**WHAT YOU ARE ASKED TO DO:** With pictures left out, only the lines from the one containing "Property Photos 8" through the end of the records should be reproduced exactly, please.

**RECORDS TO PROCESS:**
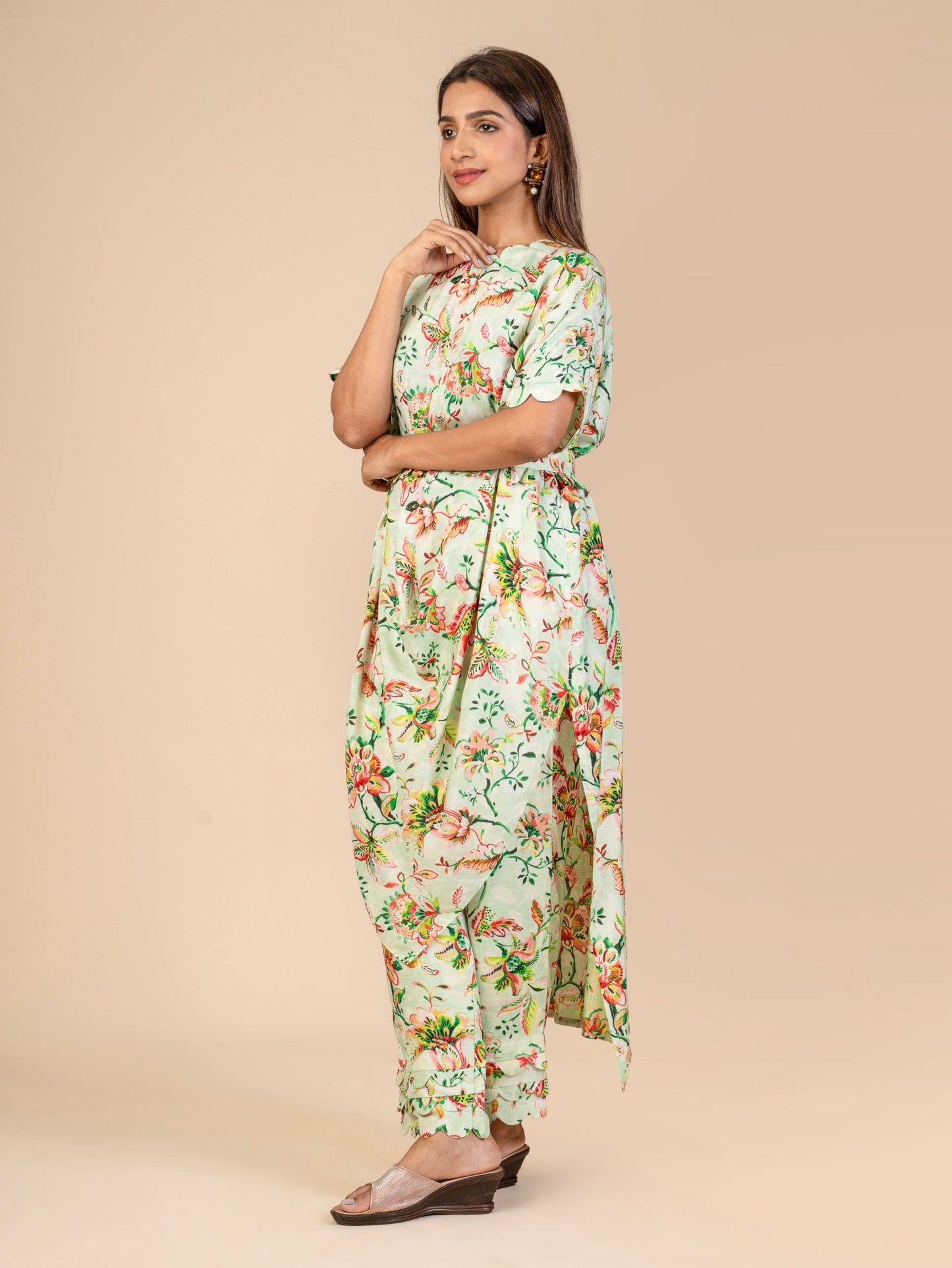 Floral Kimono Cowl Kurta with Tassel Belt and Straight Trousers Co-ord Set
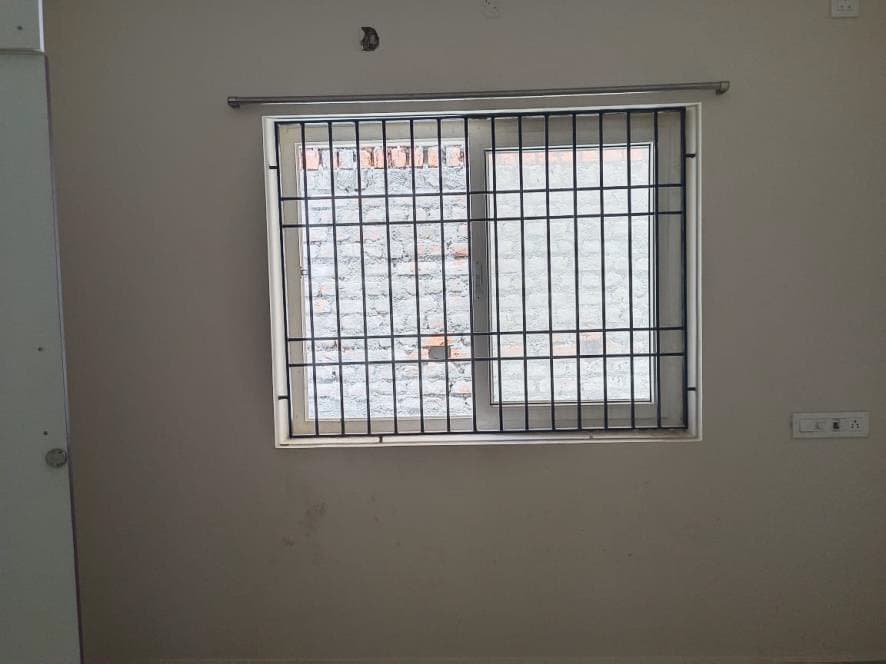 Property Photos 8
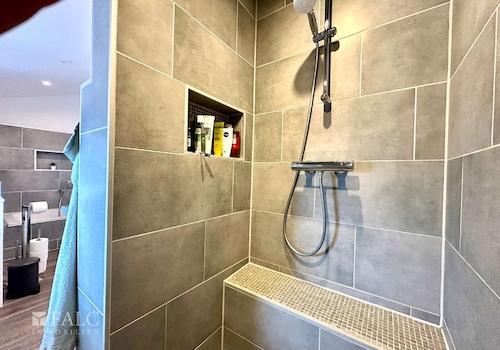 Bad/ Dusche OG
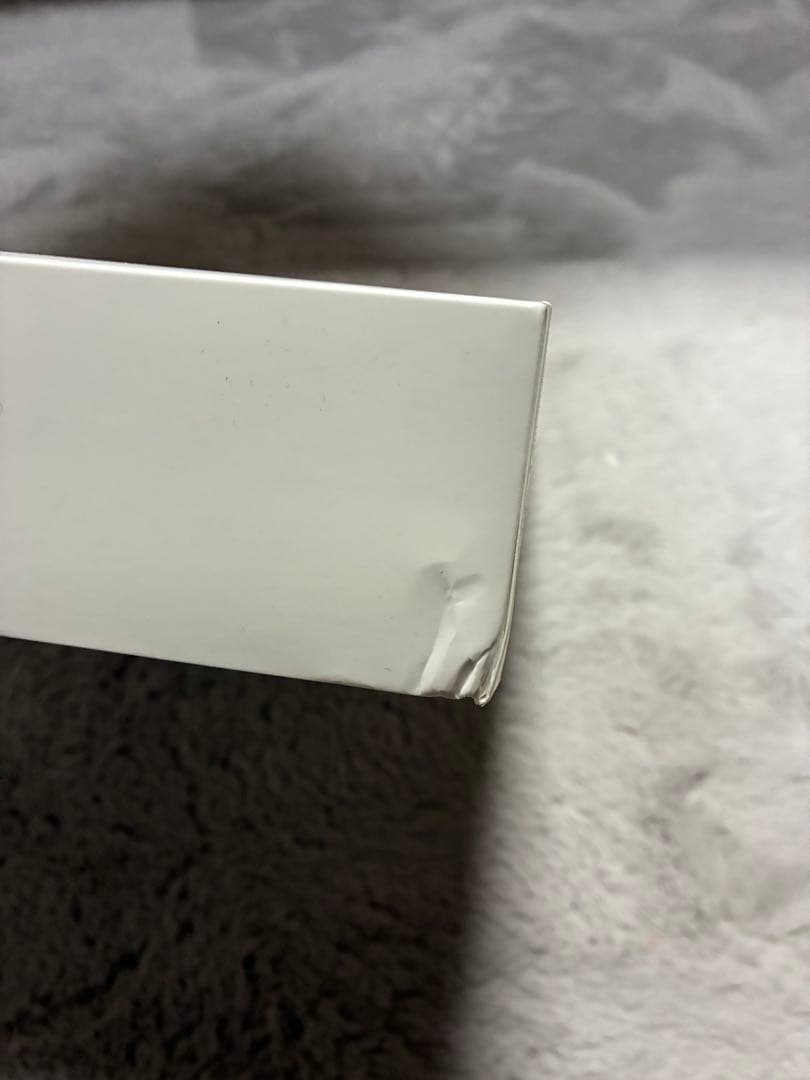 【極美品】MacBook Air M2 13.6 シルバー USキー充 放電2回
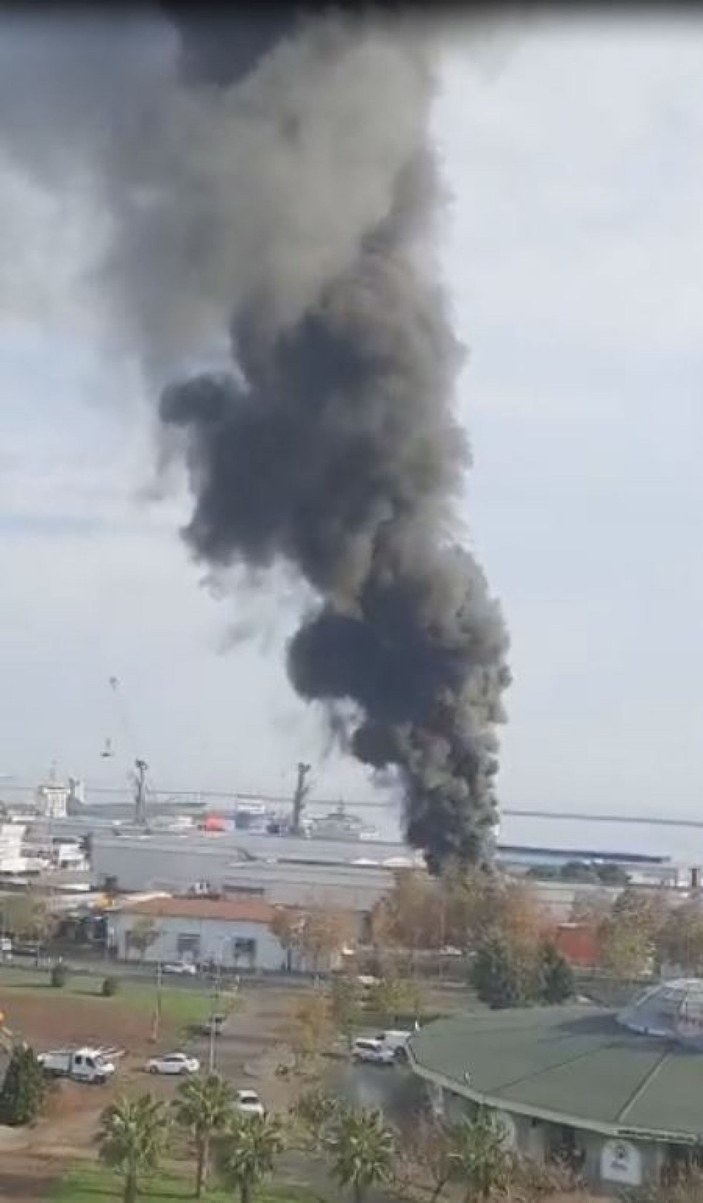 Limanda yağ tankerinde patlamayla birlikte çıkan yangın söndürüldü -4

**OUTPUT FOR THIS EXERCISE:**
 Property Photos 8
 Bad/ Dusche OG
 【極美品】MacBook Air M2 13.6 シルバー USキー充 放電2回
 Limanda yağ tankerinde patlamayla birlikte çıkan yangın söndürüldü -4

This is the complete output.